Chevron Pasadena Refinery.
- Company type: Subsidiary
- Industry: Oil and Gasoline
- Founded: 1920
- Headquarters: Pasadena, Texas, U.S.
- Owner: Chevron Corporation
- Number of employees: 48,600 (Chevron Corporation)
- Parent: Chevron Corporation
- Website: pasadena.chevron.com

= Chevron Pasadena Refinery =

American refinery company

Chevron Pasadena Refinery is a refinery located in Pasadena, Texas, United States.

==History==

According to an article published in the Daily Oil, the market suspected that company owner Henry Rosenberg was preparing to sell the company. The refinery reported a loss of 829.4 million dollars in 1998, partially due to a union boycott. Rosenberg was also facing credit issues.

An August 2000 document from the Golnoy Barge Company showed $66.6 million in net sales (EBITDALL) in the first six months of 2000 and $5.6 million net income in the first half of 2000, compared to a loss of $22 million a year earlier. This document also stated that "anyone who wanted to purchase the Central Crown in 2000 should be prepared to refinance the debt of $125 million." In 2003, this debt had risen to $200 million.

Members felt that in 2000 these values could be $83 million higher than what was officially reported. The refinery had a capacity to store more than 6 million barrels, so the value of these stocks could even exceed $1 billion. In November 2005, Petrobras signed an MoU with Astra Oil Company with the goal of establishing a joint operation of refining and marketing in the US. The acquisition was completed in September 2006. The total amount paid was $360 million: $190 million for 50% of the shares and $170 million for the refinery stocks.

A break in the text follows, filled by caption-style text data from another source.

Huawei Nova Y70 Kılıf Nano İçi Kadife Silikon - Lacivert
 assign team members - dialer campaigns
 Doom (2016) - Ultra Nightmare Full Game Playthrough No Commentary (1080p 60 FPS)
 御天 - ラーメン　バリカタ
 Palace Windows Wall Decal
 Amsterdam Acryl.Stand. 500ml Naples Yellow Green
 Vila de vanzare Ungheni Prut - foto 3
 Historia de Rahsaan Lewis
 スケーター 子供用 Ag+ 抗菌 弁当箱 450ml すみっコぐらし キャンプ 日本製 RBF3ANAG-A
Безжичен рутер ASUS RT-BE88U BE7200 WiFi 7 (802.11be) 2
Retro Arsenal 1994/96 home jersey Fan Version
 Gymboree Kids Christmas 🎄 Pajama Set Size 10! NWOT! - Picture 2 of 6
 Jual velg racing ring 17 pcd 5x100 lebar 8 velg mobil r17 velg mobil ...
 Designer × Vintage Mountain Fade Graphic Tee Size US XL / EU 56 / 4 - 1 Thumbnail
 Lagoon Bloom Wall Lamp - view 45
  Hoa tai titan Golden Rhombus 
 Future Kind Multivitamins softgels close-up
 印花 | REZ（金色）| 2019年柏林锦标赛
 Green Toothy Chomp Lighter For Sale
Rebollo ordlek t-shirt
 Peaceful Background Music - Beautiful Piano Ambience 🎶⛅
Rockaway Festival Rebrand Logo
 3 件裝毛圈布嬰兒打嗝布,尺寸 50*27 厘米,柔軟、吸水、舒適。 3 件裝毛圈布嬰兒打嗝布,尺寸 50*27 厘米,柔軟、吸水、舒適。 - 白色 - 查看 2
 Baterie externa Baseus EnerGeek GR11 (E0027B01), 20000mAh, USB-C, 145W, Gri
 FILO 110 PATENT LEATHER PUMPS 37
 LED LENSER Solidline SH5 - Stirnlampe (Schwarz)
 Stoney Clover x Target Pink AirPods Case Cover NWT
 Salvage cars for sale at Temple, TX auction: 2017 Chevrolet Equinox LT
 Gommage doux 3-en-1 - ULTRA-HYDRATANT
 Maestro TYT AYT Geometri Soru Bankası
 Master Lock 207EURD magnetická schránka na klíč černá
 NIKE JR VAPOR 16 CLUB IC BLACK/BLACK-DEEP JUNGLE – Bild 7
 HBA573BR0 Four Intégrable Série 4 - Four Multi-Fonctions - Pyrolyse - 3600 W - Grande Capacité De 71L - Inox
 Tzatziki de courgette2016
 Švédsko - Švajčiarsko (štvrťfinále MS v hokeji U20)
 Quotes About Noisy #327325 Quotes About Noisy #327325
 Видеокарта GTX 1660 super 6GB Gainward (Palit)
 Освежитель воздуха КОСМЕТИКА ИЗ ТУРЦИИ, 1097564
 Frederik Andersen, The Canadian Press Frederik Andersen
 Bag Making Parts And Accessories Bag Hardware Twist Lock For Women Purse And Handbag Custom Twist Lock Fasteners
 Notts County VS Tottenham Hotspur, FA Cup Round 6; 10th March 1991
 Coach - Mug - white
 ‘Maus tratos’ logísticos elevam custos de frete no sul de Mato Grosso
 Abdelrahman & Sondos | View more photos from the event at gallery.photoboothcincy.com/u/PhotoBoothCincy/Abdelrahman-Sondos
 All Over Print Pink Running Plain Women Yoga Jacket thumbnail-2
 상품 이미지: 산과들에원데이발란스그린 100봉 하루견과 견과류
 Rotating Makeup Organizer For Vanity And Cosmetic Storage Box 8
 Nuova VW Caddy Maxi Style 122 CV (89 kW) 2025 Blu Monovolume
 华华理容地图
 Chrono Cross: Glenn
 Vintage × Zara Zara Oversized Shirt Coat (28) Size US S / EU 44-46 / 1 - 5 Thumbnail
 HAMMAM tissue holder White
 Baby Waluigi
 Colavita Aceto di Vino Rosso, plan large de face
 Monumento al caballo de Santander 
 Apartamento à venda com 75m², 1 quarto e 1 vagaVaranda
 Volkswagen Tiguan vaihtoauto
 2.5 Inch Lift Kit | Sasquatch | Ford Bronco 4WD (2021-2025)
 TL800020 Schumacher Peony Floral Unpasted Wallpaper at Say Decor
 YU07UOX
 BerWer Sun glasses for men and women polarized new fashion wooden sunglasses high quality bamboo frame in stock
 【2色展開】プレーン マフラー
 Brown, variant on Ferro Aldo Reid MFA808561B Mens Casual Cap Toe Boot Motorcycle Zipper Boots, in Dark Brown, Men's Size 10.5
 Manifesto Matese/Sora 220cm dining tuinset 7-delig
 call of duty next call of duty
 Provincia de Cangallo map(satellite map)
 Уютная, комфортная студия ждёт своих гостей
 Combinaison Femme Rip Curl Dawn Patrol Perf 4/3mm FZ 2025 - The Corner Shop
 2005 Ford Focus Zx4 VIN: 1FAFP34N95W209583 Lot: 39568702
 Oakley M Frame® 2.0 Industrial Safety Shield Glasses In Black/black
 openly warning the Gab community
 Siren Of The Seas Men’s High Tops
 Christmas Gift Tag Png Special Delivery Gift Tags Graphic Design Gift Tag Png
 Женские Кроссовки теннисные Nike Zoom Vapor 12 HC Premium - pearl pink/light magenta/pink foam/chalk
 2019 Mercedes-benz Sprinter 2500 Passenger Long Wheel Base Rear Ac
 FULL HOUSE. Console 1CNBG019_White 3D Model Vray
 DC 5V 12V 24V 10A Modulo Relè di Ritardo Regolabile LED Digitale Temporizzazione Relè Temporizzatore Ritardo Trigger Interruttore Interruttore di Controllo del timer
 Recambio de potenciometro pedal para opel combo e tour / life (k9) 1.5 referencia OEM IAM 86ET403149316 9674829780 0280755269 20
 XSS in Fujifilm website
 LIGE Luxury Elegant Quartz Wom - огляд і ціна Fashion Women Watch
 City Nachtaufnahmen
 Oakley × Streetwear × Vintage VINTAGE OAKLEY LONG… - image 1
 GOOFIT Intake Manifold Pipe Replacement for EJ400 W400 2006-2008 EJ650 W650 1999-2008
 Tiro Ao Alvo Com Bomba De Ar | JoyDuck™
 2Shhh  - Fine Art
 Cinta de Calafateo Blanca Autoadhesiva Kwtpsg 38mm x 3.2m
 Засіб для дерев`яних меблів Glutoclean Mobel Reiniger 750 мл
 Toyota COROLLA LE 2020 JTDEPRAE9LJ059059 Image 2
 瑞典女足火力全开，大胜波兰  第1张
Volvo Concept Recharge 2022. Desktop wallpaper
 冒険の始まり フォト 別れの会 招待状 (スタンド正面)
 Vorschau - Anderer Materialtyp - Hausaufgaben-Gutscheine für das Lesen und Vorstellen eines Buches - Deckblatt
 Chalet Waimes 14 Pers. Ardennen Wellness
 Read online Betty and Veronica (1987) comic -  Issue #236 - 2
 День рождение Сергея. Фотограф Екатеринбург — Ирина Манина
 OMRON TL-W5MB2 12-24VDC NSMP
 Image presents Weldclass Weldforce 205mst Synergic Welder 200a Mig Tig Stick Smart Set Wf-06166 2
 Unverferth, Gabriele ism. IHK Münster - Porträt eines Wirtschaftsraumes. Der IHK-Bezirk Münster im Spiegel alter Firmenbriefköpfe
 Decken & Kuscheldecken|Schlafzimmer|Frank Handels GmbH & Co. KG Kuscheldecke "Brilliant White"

Disagreements among the partners led to Astra requesting the right to sell its remaining 50% to Petrobras. This right only existed because Brazil had the final say about the direction and future investments in the refinery. If the Astra did not agree, they would have the option to sell and Petrobras would have the option to buy.

An arbitration confirmed this right in April 2009 and set the value of the second half of the refinery at $296 million, plus $170 million for its share of the stock, totaling US$466 million. This amount was supplemented by an additional $173 million corresponding to a refund of part of a bank guarantee by partners, interest, fees and court costs. The total arbitration value was $639 million. On March 10, 2010, the Federal Court in Houston, Texas, USA, confirmed the judgment, finding that PAI would be the holder of the Pasadena refinery and trading company.

In June 2012, an extrajudicial agreement that provided for the termination of arbitration and other lawsuits, plus interest and legal costs, totaled $820 million. Part of this amount, $750 million, had already been accrued for payment in the financial statements of Petrobras, leaving the additional provision of $70 million to be recognized in the income statement in the second quarter of 2012.

Petrobras acquired the Pasadena refinery as well as Astra Trading, the commercial arm of the refinery. The debt inherited in the acquisition is unknown.

Chevron U.S.A. Inc. announced on May 1, 2019, that it had acquired from Petrobras America Inc. all the outstanding shares and equity interests of Pasadena Refining System, Inc. (PRSI) and PRSI Trading LLC for $350 million, excluding working capital.